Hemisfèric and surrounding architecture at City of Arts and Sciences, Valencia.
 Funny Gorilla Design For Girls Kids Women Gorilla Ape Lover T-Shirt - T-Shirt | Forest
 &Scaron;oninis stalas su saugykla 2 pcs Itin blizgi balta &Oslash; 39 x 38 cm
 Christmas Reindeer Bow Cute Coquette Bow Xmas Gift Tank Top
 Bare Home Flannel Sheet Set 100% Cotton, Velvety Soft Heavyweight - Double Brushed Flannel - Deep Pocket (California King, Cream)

□ □ □ □ □

Required work
Produce an exact copy of the lines from the one containing "Funny Gorilla Design" through the final line of the data, both ends included, and only those.

Output for this task
 Funny Gorilla Design For Girls Kids Women Gorilla Ape Lover T-Shirt - T-Shirt | Forest
 &Scaron;oninis stalas su saugykla 2 pcs Itin blizgi balta &Oslash; 39 x 38 cm
 Christmas Reindeer Bow Cute Coquette Bow Xmas Gift Tank Top
 Bare Home Flannel Sheet Set 100% Cotton, Velvety Soft Heavyweight - Double Brushed Flannel - Deep Pocket (California King, Cream)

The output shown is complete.